Find f ae-differentiable with $f´\in L^1(0,1)$ but not in $BV$...

Question

Here is a natural question which I didn't find in Measure Theory books:

Construct a continuous function $f(x)$ in $[0,1]$ with derivative at ae $x\in(0,1)$, and so that $f'(x)\in L^1(0,1)$, but such that $f$ is not of bounded variation.

The motivation would be the following: A well-known sufficient condition for absolute continuity asserts that

if $f$ is continuous, $f'(x)$ exists for all $x\in(0,1)$ except a countable set, and $f'(x)\in L^1(0,1)$, then $f$ is absolutely continuous (hence $f\in BV$).

In this theorem, "countable set" cannot be replaced by "null set", as the Cantor staircase shows. Is this also the case if we just want $f\in BV(0,1)$?

Some observations about temptative constructions:

(i) Cantor staicases alone would not work, since they are increasing, hence $BV$...

(ii) Volterra type constructions, which fill the complement of a Cantor set with blocks $x^a \sin(x^{-b})$ are not good either. For the derivatives of these blocks to be in $L^1$ one needs $a>b$, but then blocks are in $BV$, and probably also the resulting function...

Are there other natural examples to test with?

Answer 1

This is not possible.

Let $f$ be as in your assumptions, and let $0 = t_0, < t_1 < \dots < t_N = 1$ be given. Then for all $i\in \{1, \dots, N\}$, $f(t_{i} - f(t_{i-1}) = \int_{t_{i-1}}^{t_i} f'(s) ds$. It follows that $$ \sum_{i = 1}^N |f(t_i) - f(t_{i-1})| = \sum_{i = 1}^N |\int_{t_{i-1}}^{t_i} f'(s) ds| \le \sum_{i = 1}^N \int_{t_{i-1}}^{t_i} |f'(s)| ds = \int_0^1 |f'(s)| ds $$ and therefore the function has bounded variation.

Answer 2

I just came out with a counterexample.

One produces a function similar to $x\sin(1/x)$ (which is not in $BV$), but with the oscillating blocks made of Cantor staircases (hence continuous and with $f'(x)=0$ ae).

Here are the details:

Call $h(x)$ the usual Cantor staircase, ie $h:[0,1]\to[0,1]$, continuous, increasing, onto and with $h'(x)=0$ at almost every $x\in(0,1)$.
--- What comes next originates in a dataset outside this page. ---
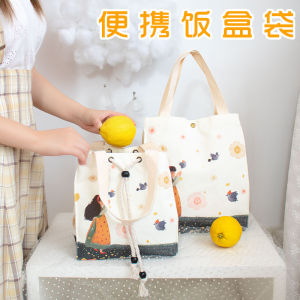 Thickened Canvas Lunch Box Bag Japanese Style Cute Large Capacity Bento Bag Drawstring Handbag for Work Portable Food Storage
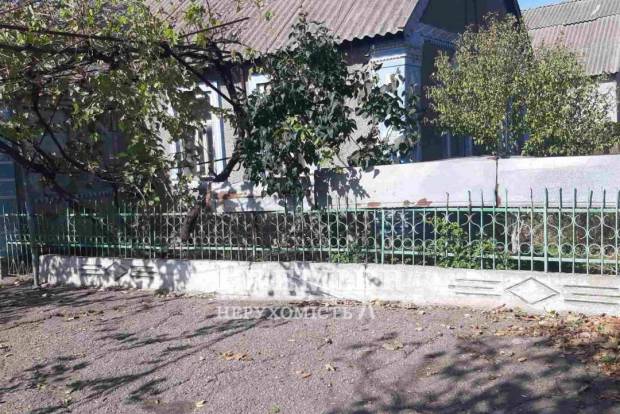 Фото об'єкта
Next, dilate this function to $h_n:[\frac1{n+1},\frac1n]\to [0,\frac1n]$ by $$ h_n(x)= \frac1n h\Big(\frac{x-\frac1{n+1}}{\frac1n-\frac1{n+1}}\Big),\quad \mbox{if $n$ odd}$$ or $$ h_n(x)= \frac1n h\Big(1-\frac{x-\frac1{n+1}}{\frac1n-\frac1{n+1}}\Big),\quad \mbox{if $n$ even.}$$ Finally, define $f(x)=h_n(x)$ if $x\in [\frac1{n+1},\frac1n]$ and $f(0)=0$.

It is straightforward to verify that $f\in C[0,1]$ and $f'(x)=0$ a.e. $x\in(0,1)$. Finally, $f\not\in BV[0,1]$ since $$\sum_{n=1}^{2N}\big|f(\frac1n)-f(\frac1{n+1})\big|=\sum_{n=1}^N\frac1{2n+1}\to\infty,\quad \mbox{as }N\to\infty.$$